[THE DATA]:
== Segment start ==

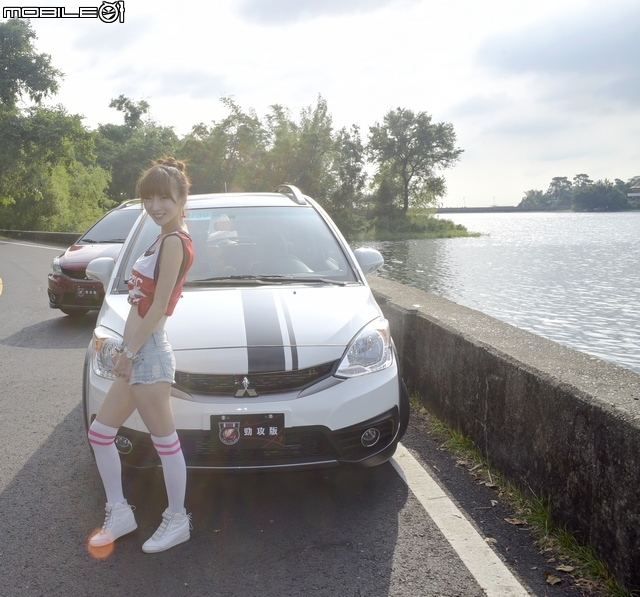 來去尬籃球吧!開著Colt Plus X-Sports勁攻版去阿里山最高的學府香林國小來個三對三鬥牛挑戰賽!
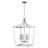 Rancourt 6 - Light Dimmable Lantern Classic / Traditional Chandelier-627646532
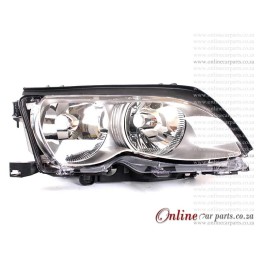 BMW E46 Right Hand Side Electric Headlamp Headlight Facelift 2001-2004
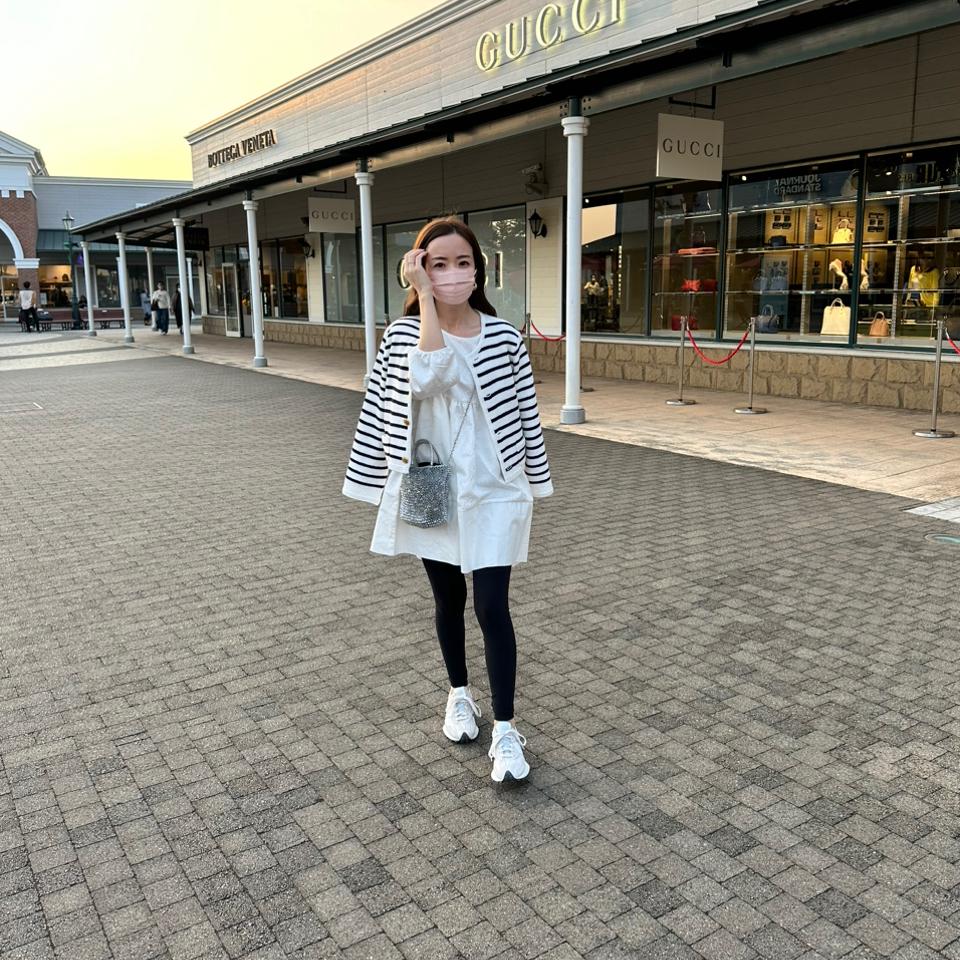 yuu______221 / MACPHEE(マカフィー)の「ハーフミラノリブ クロップド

== Segment end ==

Take the listing above and restate it word for word, without its pictures.

 來去尬籃球吧!開著Colt Plus X-Sports勁攻版去阿里山最高的學府香林國小來個三對三鬥牛挑戰賽!
 Rancourt 6 - Light Dimmable Lantern Classic / Traditional Chandelier-627646532
 BMW E46 Right Hand Side Electric Headlamp Headlight Facelift 2001-2004
 yuu______221 / MACPHEE(マカフィー)の「ハーフミラノリブ クロップド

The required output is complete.